国税庁・国税不服審判所は、「令和3年度における再調査の概要」「令和3年度における審査請求の概要」「令和3年度における訴訟の概要」を国税庁ホームページに公表しました。
国税に関する処分について納税者に不服がある時の救済制度には、処分庁に対する「再調査の請求(旧 異議申立て)」、国税不服審判所長に対して不服を申し立てる「審査請求」(不服申立制度)と、裁判所に「訴訟」を提起して処分の是正を求める救済制度があります。

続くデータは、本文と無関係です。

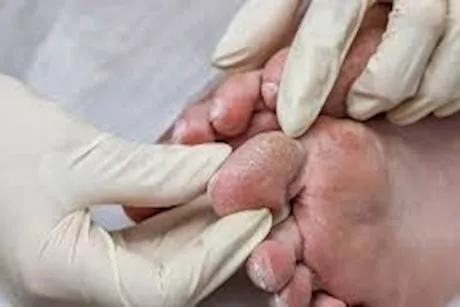 في اليوم العالمي للسكري.. 5 مضاعفات تظهر على القدمين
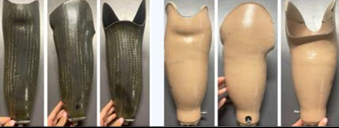 <ul><li><p><span style="color: red;"><strong><u>Equal distribution of loads </u></strong></span>across the entire surface of the residual limb</p></li><li><p>Improved Suspension</p></li><li><p>Decreased shear on the residual limb</p></li></ul><p></p>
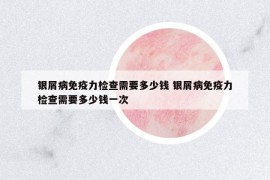 银屑病免疫力检查需要多少钱 银屑病免疫力检查需要多少钱一次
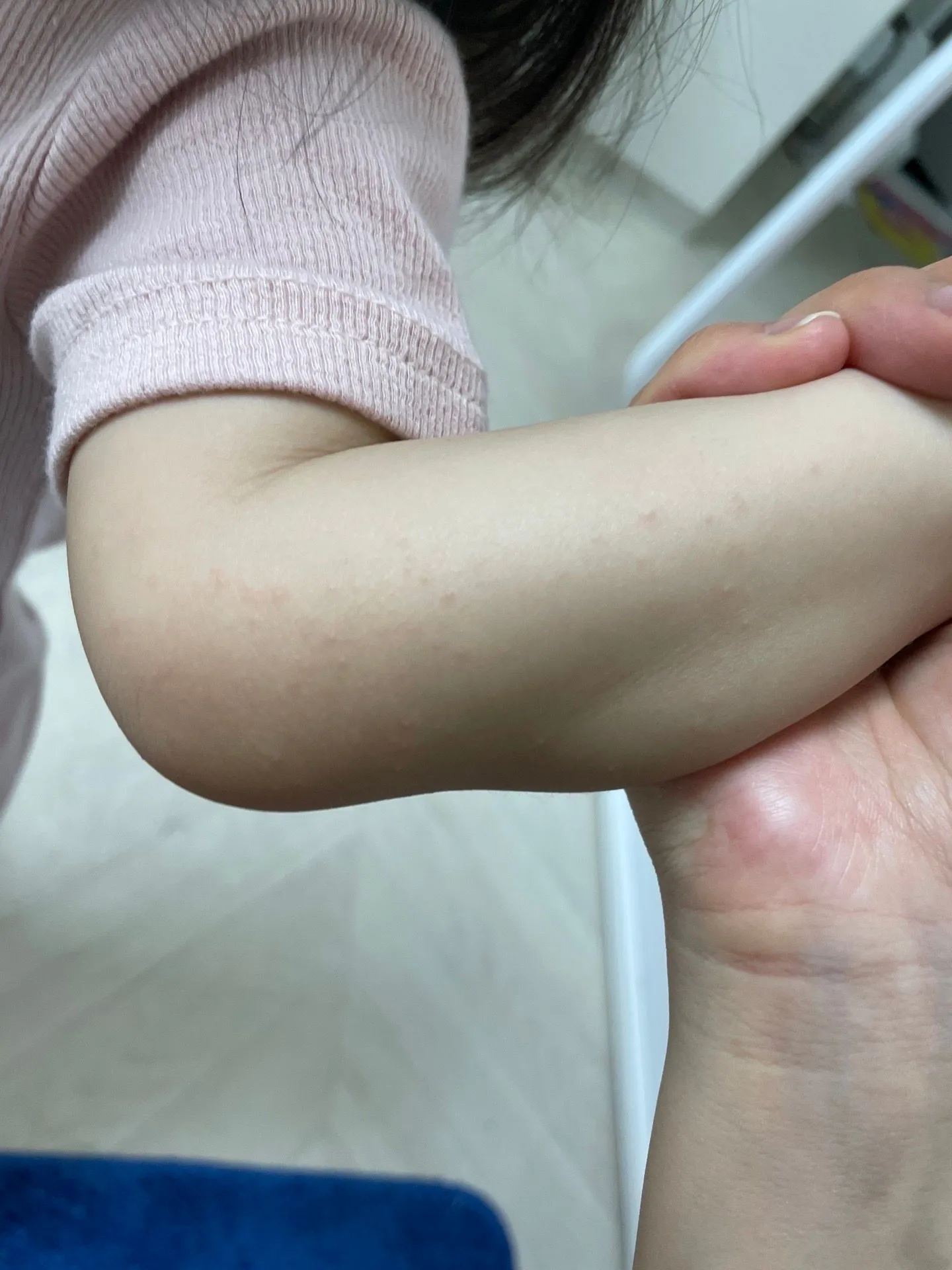 혹시 수족구 일까요???? 2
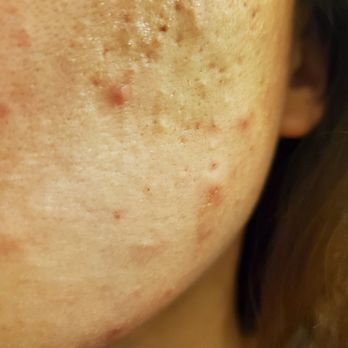 Design Us Clinic - Breakout/acne/infection - Skin Care Near Me - Los Angeles, California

このうち「再調査の請求」は、税務署長などが更正・決定や差押えなどの処分をした場合に、その処分に不服がある納税者が税務署長などに対してその処分の取消しや変更を求める手続きをいいます。国税不服申立制度の改正により、平成28年4月1日以後に行われる処分に係る不服申立てから「異議申立て」は「再調査の請求」へ名称変更されています。
「審査請求」は税務署長や国税局長などが行なった処分に不服がある場合に、その処分の取消し等を求めて国税不服審判所長に対して不服を申し立てる制度です。

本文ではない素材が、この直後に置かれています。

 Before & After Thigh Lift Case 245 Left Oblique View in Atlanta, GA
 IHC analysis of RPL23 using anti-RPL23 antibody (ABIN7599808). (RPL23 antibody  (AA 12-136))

各概要を見ると、令和3年度の課税処分に対して納税者が起こした再調査の請求は1,119件で、前年度と比べると11.9%増加しています。また、国税不服審判所に審査請求したケースは、同比11.0%増の2,482件、訴訟となったのは同比13.3%増の187件となり、いずれも前年と比べて増加しました。

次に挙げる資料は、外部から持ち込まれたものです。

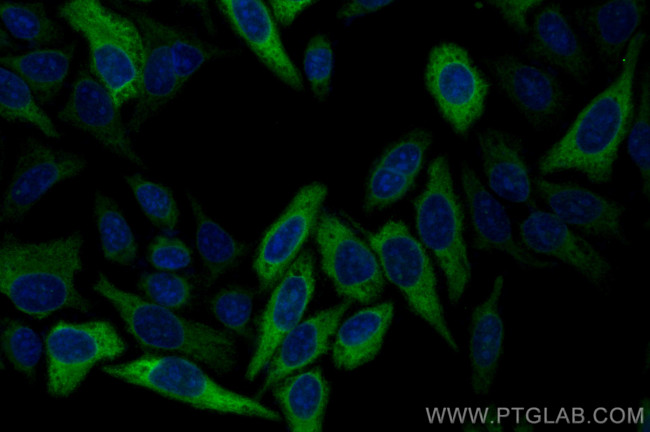 RRM2 Antibody in Immunocytochemistry (ICC/IF)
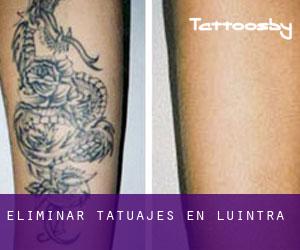 Eliminar tatuajes en Luintra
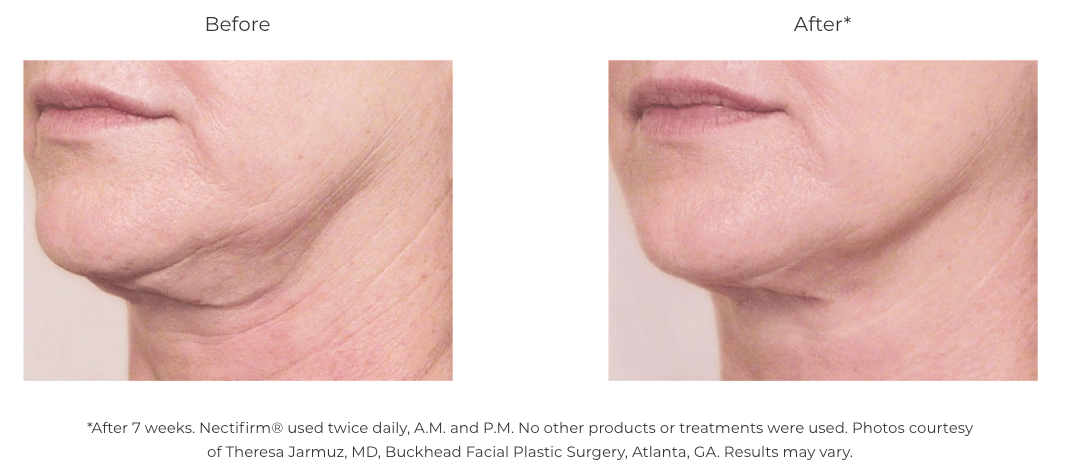 Revision Skincare Nectifirm Advanced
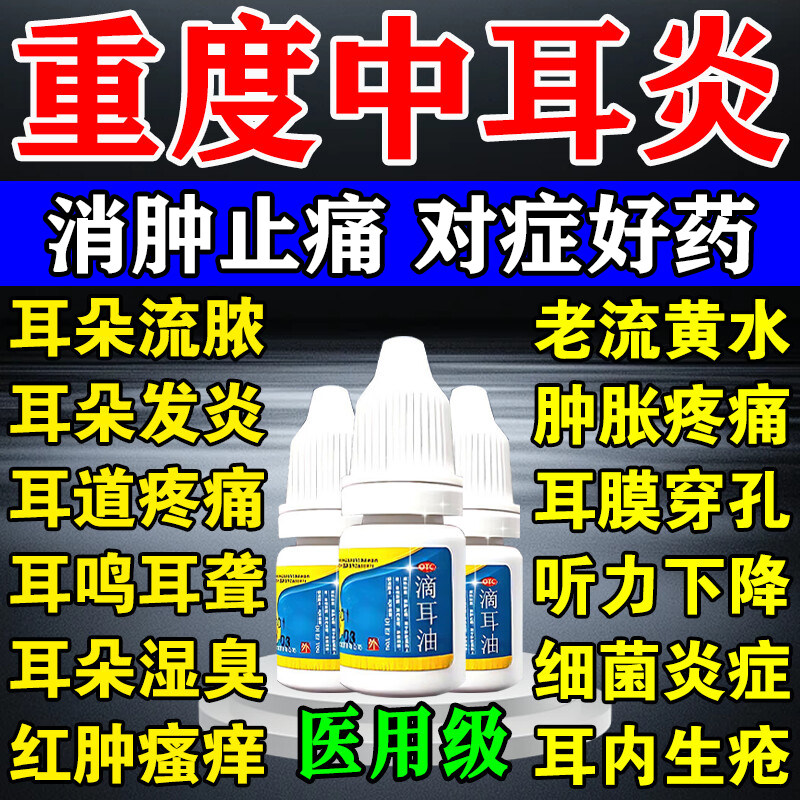 中耳炎特疼效药可除耳根滴耳液耳朵消炎耳朵痒流脓流水滴耳油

訴訟の発生件数を税目別にみると「所得税」が最も多く59件、「法人税」40件、「消費税」25件と続きます。「所得税」は税目の中では件数が多いものの、訴訟件数が多かった平成23年度144件と比べると、件数は大幅に減少しています。「法人税」の件数も、平成23年度84件から半減しています。
※ 国税不服審判所が令和4年12月23日、「令和3年度における審査請求の概要」の一部訂正を行ったため、訂正に基づき数値を直接修正しました(文中、太字個所)。